**TASK BRIEF:** Could every line of the listing be output exactly, with the pictures skipped?

**PROVIDED INFORMATION:**
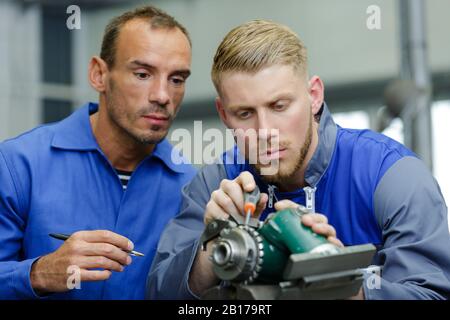 auto mobile and motorcycle mechanic working on piece Stock Photo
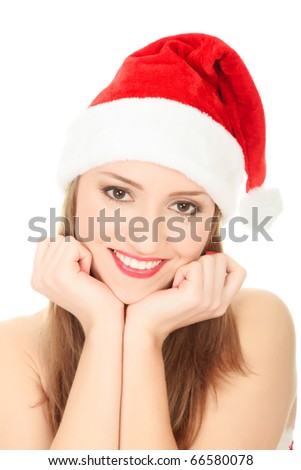 Picture of pretty christmas girl in red dress and santa hat, smiling isolated on white background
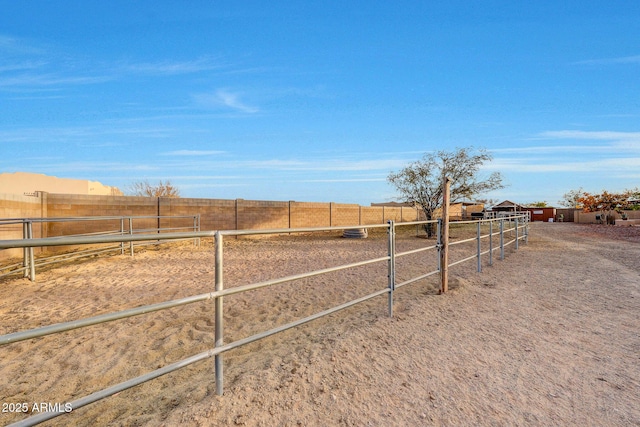 view of yard with a rural view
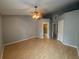 Primary bedroom with laminate wood flooring and an en-suite bathroom at 11356 Stratton Park Dr, Temple Terrace, FL 33617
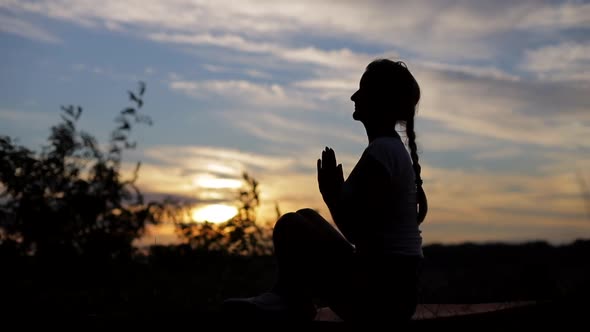 Silhouette of a woman praying with Amazing dramatic sky sunset background. alt
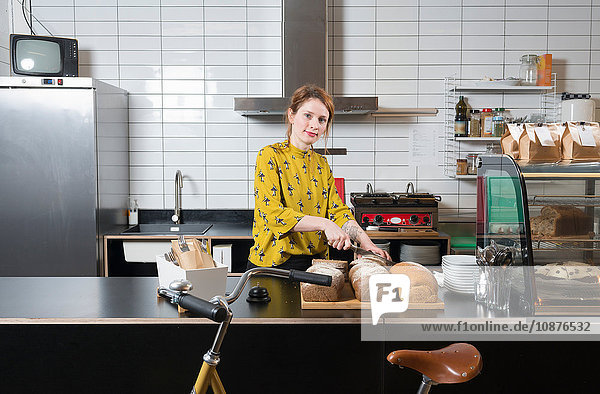 Portrait of waitress slicing bread at counter of hipster bike repair cafe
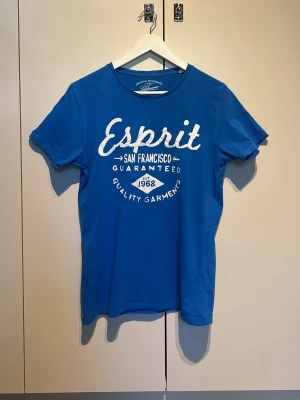 Blå t-shirt från Esprit - Snygg blå t-shirt från Esprit med vit tryckt text på bröstet. Klassisk rund halsringning och korta ärmar. Tillverkad i mjuk bomull som känns skön mot huden. Perfekt för en avslappnad och stilren look.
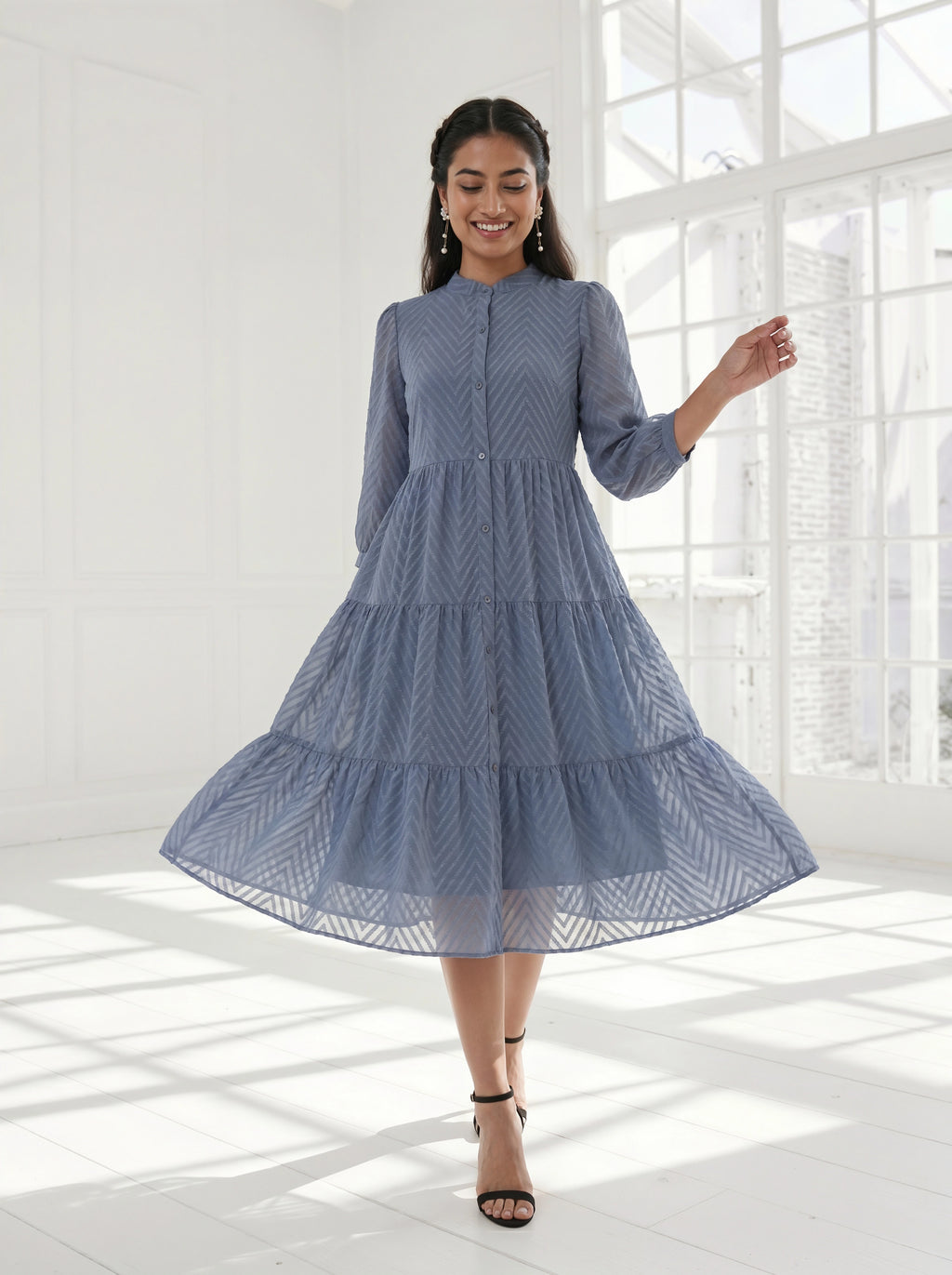 Woman wearing a blue dress standing in a bright room with large windows.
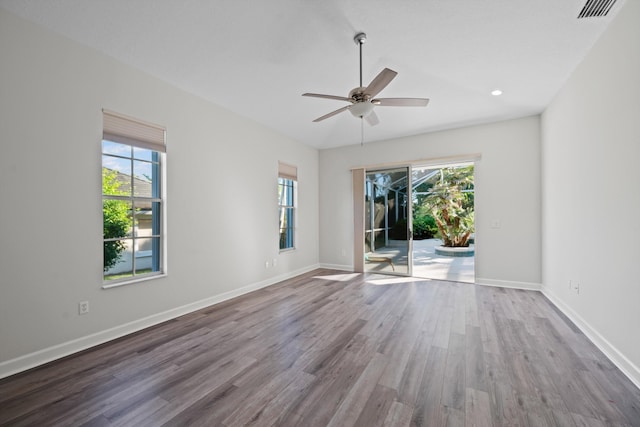 spare room with hardwood / wood-style floors, ceiling fan, and a wealth of natural light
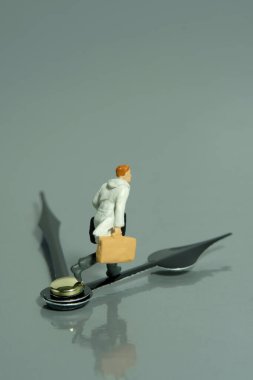 Minyatür minyatür insanlar oyuncak figürlü fotoğrafçılık. Siyah saat yönünde koşan bir işadamı evrak çantası taşıyor. Gri arka planda izole edilmiş. Resim fotoğrafı.
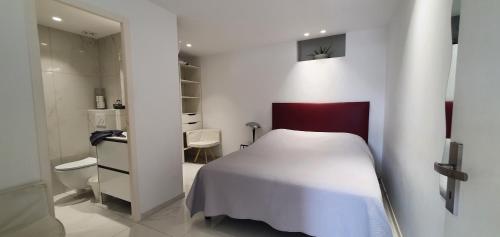 a bedroom with a white bed and a bathroom at Villa HARMONY in Vallauris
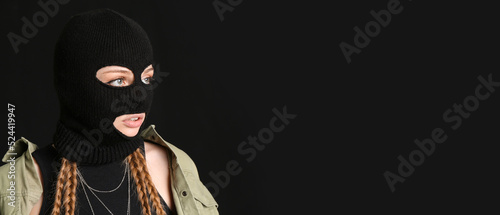 Young woman in balaclava on black background with space for text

**ANSWER TO THIS PROBLEM:**
 auto mobile and motorcycle mechanic working on piece Stock Photo
 Picture of pretty christmas girl in red dress and santa hat, smiling isolated on white background
 view of yard with a rural view
 Primary bedroom with laminate wood flooring and an en-suite bathroom at 11356 Stratton Park Dr, Temple Terrace, FL 33617
 Silhouette of a woman praying with Amazing dramatic sky sunset background. alt
 Portrait of waitress slicing bread at counter of hipster bike repair cafe
 Blå t-shirt från Esprit - Snygg blå t-shirt från Esprit med vit tryckt text på bröstet. Klassisk rund halsringning och korta ärmar. Tillverkad i mjuk bomull som känns skön mot huden. Perfekt för en avslappnad och stilren look.
 Woman wearing a blue dress standing in a bright room with large windows.
 spare room with hardwood / wood-style floors, ceiling fan, and a wealth of natural light
 Minyatür minyatür insanlar oyuncak figürlü fotoğrafçılık. Siyah saat yönünde koşan bir işadamı evrak çantası taşıyor. Gri arka planda izole edilmiş. Resim fotoğrafı.
 a bedroom with a white bed and a bathroom at Villa HARMONY in Vallauris
 Young woman in balaclava on black background with space for text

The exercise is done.